Segment Start: ENTRIES SUPPLIED

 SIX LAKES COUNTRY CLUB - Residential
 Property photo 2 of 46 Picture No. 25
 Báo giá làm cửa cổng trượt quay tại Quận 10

Segment End: ENTRIES SUPPLIED
Segment Start: ENTRIES SUPPLIED

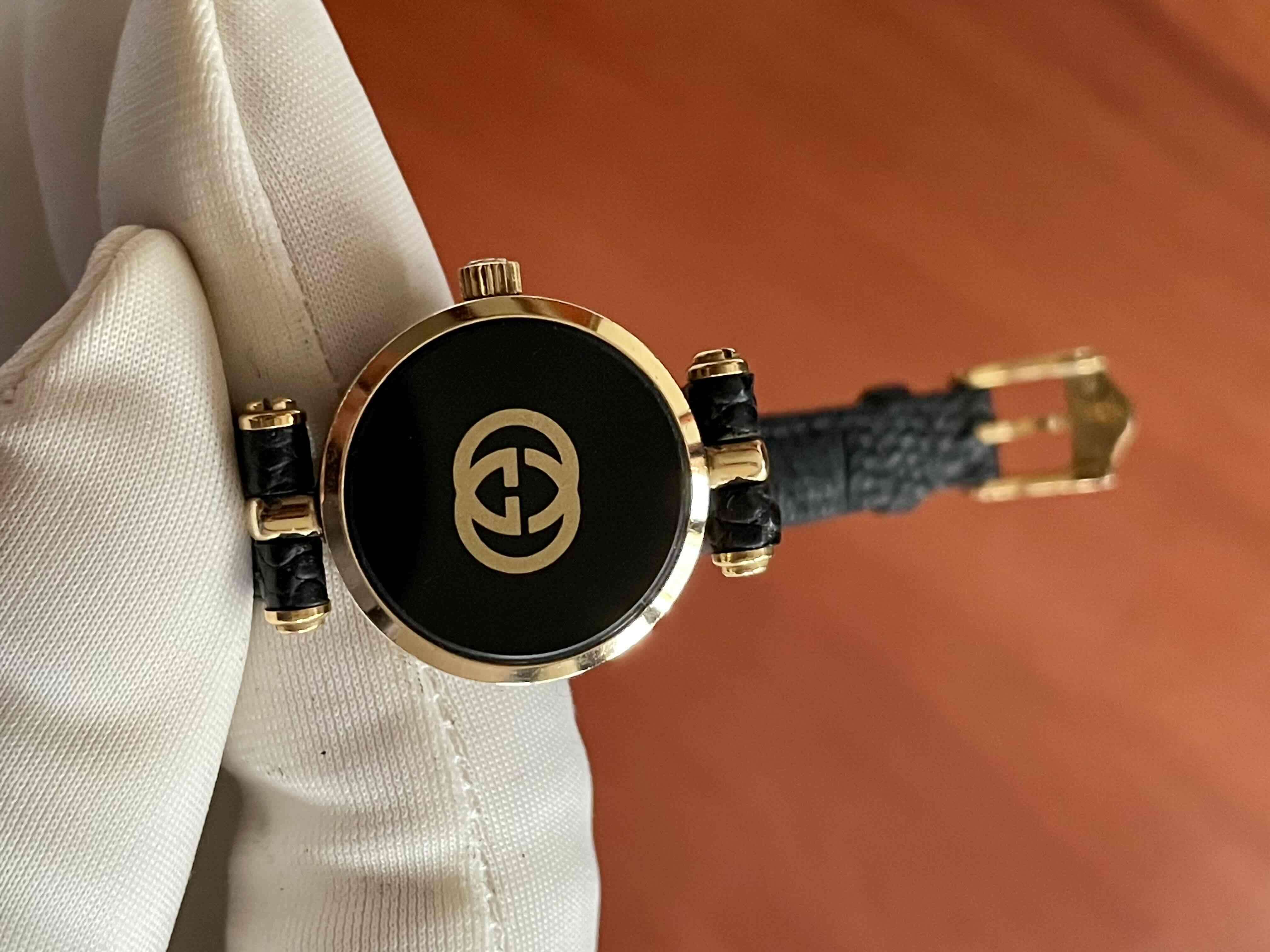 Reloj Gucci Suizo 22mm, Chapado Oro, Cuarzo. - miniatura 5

Segment End: ENTRIES SUPPLIED
Segment Start: ENTRIES SUPPLIED

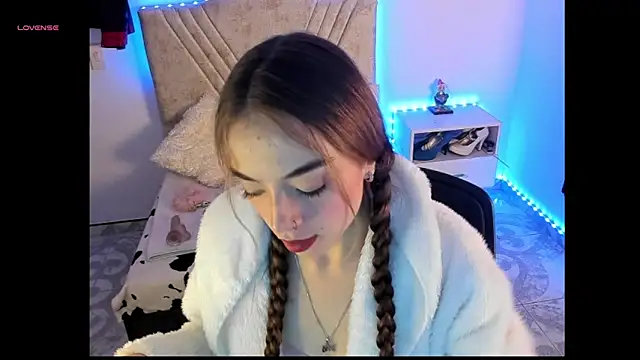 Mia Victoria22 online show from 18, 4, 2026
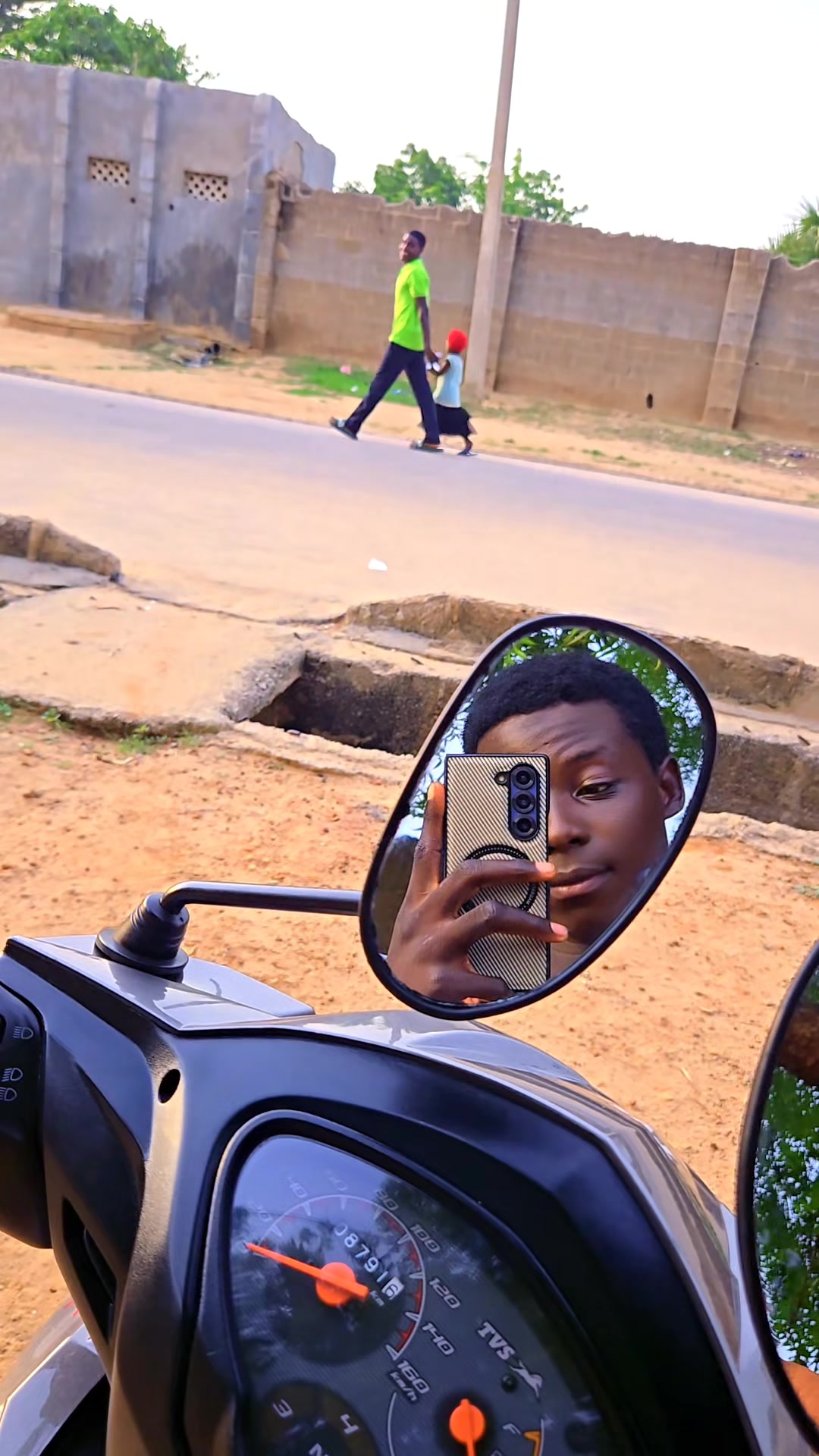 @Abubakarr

Segment End: ENTRIES SUPPLIED

[YOUR TASK]: After locating the line with "SIX LAKES COUNTRY CLUB - Residential" in the material above, return it and each line after it exactly, ending at the line with "Báo giá làm cửa cổng trượt quay tại Quận 10".

[OUTPUT FOR THIS EXERCISE]:
 SIX LAKES COUNTRY CLUB - Residential
 Property photo 2 of 46 Picture No. 25
 Báo giá làm cửa cổng trượt quay tại Quận 10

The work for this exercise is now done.